Recommended actions when replacing TN-C
Most residential buildings are equipped with this option. Due to the fact that the buildings have a two-wire electrical supply system, the use of TN-C is a suitable solution. Because the system uses only one conductor, which is capable of solving two problems:
- working, for the proper functioning of electrical products and devices;
- protective, which ensures the safety of devices.

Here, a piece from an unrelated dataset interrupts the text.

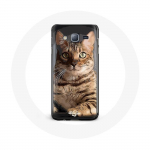 Coque pour samsung galaxy Grand prime Bengal Race de Chats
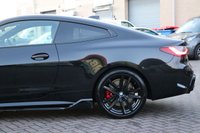 USED 2022 22 BMW 4 SERIES 420D 2.0 MHT M SPORT COUPE 1 OWNER PRO PACK BLACK LEATHER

Such a system meets basic safety standards and protects the entire electrical circuit, but it is not able to preserve the powered electrical units, which can lead to their failure when a high load occurs. It is also important to understand that in rainy weather, such a connection will lead to voltage surges, even if a protective shutdown is applied. Unfortunately, there are even cases of death due to this flaw.
Therefore, when constructing new buildings, using such a solution is highly not recommended. I use such a system only where it was originally installed, but if a person wants to change it, this can be easily done. Most often, people use TN-CS for these purposes, so a PEN cable is installed at the input, which is later divided into PE and N. Thanks to this solution, in the event of an emergency, the N wire is disconnected from the general network, which allows you to keep all household appliances intact and will save a person from additional costs.